I hope you are okay !

I have a problem for a while and trying to find a solution. Assume a capacitor (good quality) as given in the attachment file. I have one of these capacitors with a C value of 1 micro Farad.

I also check the chapter 26,Capacitance, in the book of : "Fundamentals of Physics", I was able to find the C value for a parallel plate capacitor, cylindrical capacitor and spherical capacitor by using the Gauss law !

Hmmm, how can I find the C value of a metal plate with a surface of a x b, and thickness (c) you may ignore it.....I mean a metal plate can hold charge, so, it must have a C value, how can we find it, or let me ask you in this way, what is the C value of each electrode (A or B, anyway they will have the same value) in the given 1 micro F capacitor ?

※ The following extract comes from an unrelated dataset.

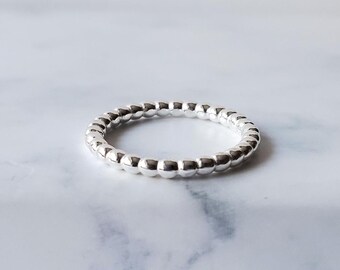 Sterling silver beaded band, ball bead, sphere ring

Is this also 1 micro Farad or much less than this value, how can we apply the Gauss law, to derive an equation which may give the C value for a parallel plate capacitor ?

Many thanks,

Birol

ANSWER: What you have here is a parallel plate capacitor. The layers each act like a parallel layer, so you just add in the capacitance of all of them. Because you can alternate the plates which go to each contact and each plate (due to its finite thickness) can have charge on both surfaces, you just count the number of gaps. So use the formula for the capacitance of a parallel plate capacitor (epsilon_0 * Area/gap)*(dielectric constant of material in the gap)*(number of gaps between plates). That last one is to add all the capacitors in parallel. They are all in parallel, sharing charge, so the capacitance just adds up...hence the last factor in the formula.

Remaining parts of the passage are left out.